I stood there, my small fists stopped in mid-blow, panting like a wolf over a steaming kill, thinking perhaps I could reach through the mirror and kill the boy who inspired such pity and contempt in me, hoping to travel through the Looking Glass to the fantasy world where a weak little boy could die by my hand as he deserved to.

Instead of reaching through the unyielding and cruelly solid glass, I reached instead into my child’s mind and pulled forth a screaming, pleading surrogate: a thing to punish besides my own face, yet that still bore my face.

After several minutes of pantomimed blows against another, non-existent thing that cowered in the corner where two sheets of ugly vinyl wallpaper met, my rage subsided.

In the mirror, it seemed as if my bruises—for which I was often rewarded with extra food at dinner for sparing my parents the bother of inflicting them—faded. I washed my throbbing face with cold water and left the room with a soothing emptiness in my chest, knowing that what I had done was a ritual that offered me salvation.

I decided to tell him.

—Most children have imaginary playmates. I had an imaginary victim.

—I . . . don’t understa . . .

—I didn’t
with my imaginary friend.
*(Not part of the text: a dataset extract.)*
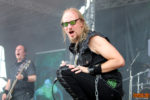 Konzertfoto von Godslave - Metal Frenzy Open Air 2022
I beat the shit out of it. It was smaller than me and weaker and I could pummel it and bully it. I made it pay for the unspoken crimes I committed. It was my little pal. My coping mechanism.


—Yes. It.

—It wasn’t a child, then? Another boy or girl?

I know where the little shit came from, now. I’ve witnessed his birth twice. When I was older, just going to college, I’d sprained my knee. For two weeks, I walked using an elastic brace. Late one night, while getting ice water, I was too tired to put on the brace. My knee buckled. My arms flailed as I grabbed hold of a chair.

And I saw myself ghosted in the night-black glass of the window over the sink, a mass of palsied movements, jerking limbs, reflected as on a pool of oil. A ridiculous caricature of who I am. The distorting glass made me look squat and twisted, like pictures I’d seen of the hunchback in Poe’s “Hop Frog.”

What happened next was more than memory. It was a snapping of my mind through time that drowned my senses. Years collapsed, cracking into the moment in which I now stood on a burst knee, my arms trembling to support my weight.

I’m five years old. My body remembers its weakness, its smallness. Even my mouth recalls the old set of my jaws before the loss of my milk teeth. I’m running through melting snow in my parents’ back yard. It’s warm for a winter’s day, spring-like. Despite this, my mother has packed me into a snowsuit too large for me, filling the space my body does not with layers of sweaters and pajama bottoms. Because it’s still winter out, no matter how warm and sunny and bright it is, no matter that the snow melts and drops from the branches . . . and to go to the yard in winter is how little shitty ungrateful boys catch cold and die, and that is how they show they don’t love their mothers, because their mothers have to worry all the time and if little boys really loved their mothers . . .

So I wear the snowsuit and the layers and I’m miserably hot, because I also wear a hat and scarf. The drawstring of the hood is knotted to press against the underside of my chin: punishment tied by my mother’s sharp-nailed and rose-scented fingers for my wanting to step out into the air. I feel stupid and silly and angry. My movements are weighted, as if the air were thick as stale honey. The outfit is a prison I’ve been forced to wear, a prison like the loveless home I live in. I’m enraged that my body is co-opted as part of my prison. That I’m forced to be as weak and useless as my parents wish me to be.

I try to run, as any child would, through the snow that glistens brilliantly, the only way I can: by holding my arms out almost to their sides and throwing my legs in front of me one at a time. I look up and see myself reflected against the windows of the house. They warp me like fun-house mirrors. I look like a twisted fat little goblin in a storybook, a troll creeping from under a bridge. Something rips inside me, tearing away like a strip of skin. The pain offers a kind of relief from the oppressive heat.